Les légumineuses sont des plantes extraordinaires pour l’agriculture car elles ont la capacité de vivre en association avec des bactéries du genre Rhizobium. Ces bactéries peuvent transformer le diazote (N2) atmosphérique en ammonium (NH4) utilisable par les végétaux. Depuis de nombreuses années les instituts techniques et laboratoires cherchent à élucider les mécanismes en jeu chez les légumineuses conduisant à cette symbiose. Pour cela la luzerne tronquée medicago truncatula, plante très proche de la luzerne de nos cultures de pleins champs medicago sativa, est étudiée par tous les labos en Europe, USA, Australie.

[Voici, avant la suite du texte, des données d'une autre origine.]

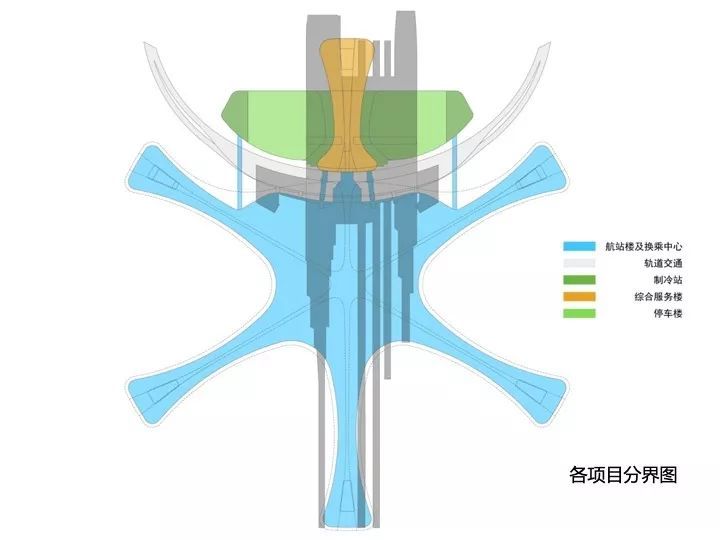 北京新机场航站楼现代钢结构设计_5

Une équipe de chercheur Franco-Hongroise a identifié ce qui se déroulait à l’intérieur des nodosités des légumineuses, notamment de la luzerne tronquée. Les bactéries subissent un arrêt de leur cycle de reproduction, ce qui entraine une modification de leur forme. Elles ne se reproduisent plus et ont donc par conséquent une capacité supérieure à transformer le N2 en NH4. La production d’azote est optimale pour la plante hôte et le volume de la population de Rhizobium maîtrisé. Les responsables, des peptides du nom de NCR, sont similaires à des peptides antimicrobiens. Ces dernièrs ont pour rôle dans la plante de lutter contre les attaques bactériennes. Bref, ces molécules domptant les rhizobiums pourraient être d’excellents candidats à de futurs médicaments antibiotiques. Mais pour nous autres agriculteurs, ne serait-il pas possible d’utiliser l’efficacité de ces peptides NCR avec des céréales ? De leur créer des nodosités afin que nos blés, orges etc. grâce à leur symbiose avec les Rhizobiums produisent leur azote en quantité optimale, au moment où les plantes en ont besoin. Bilan, environ 200 unités d’azote par hectare de synthèse en moins, de meilleurs coûts de production, une très forte diminution de la pollution des nappes d’eaux de surface ou souterraines. Bref, le bilan économique et environnemental semble extrêmement intéressant pour les agriculteurs mais aussi pour les acteurs et utilisateurs de l’eau.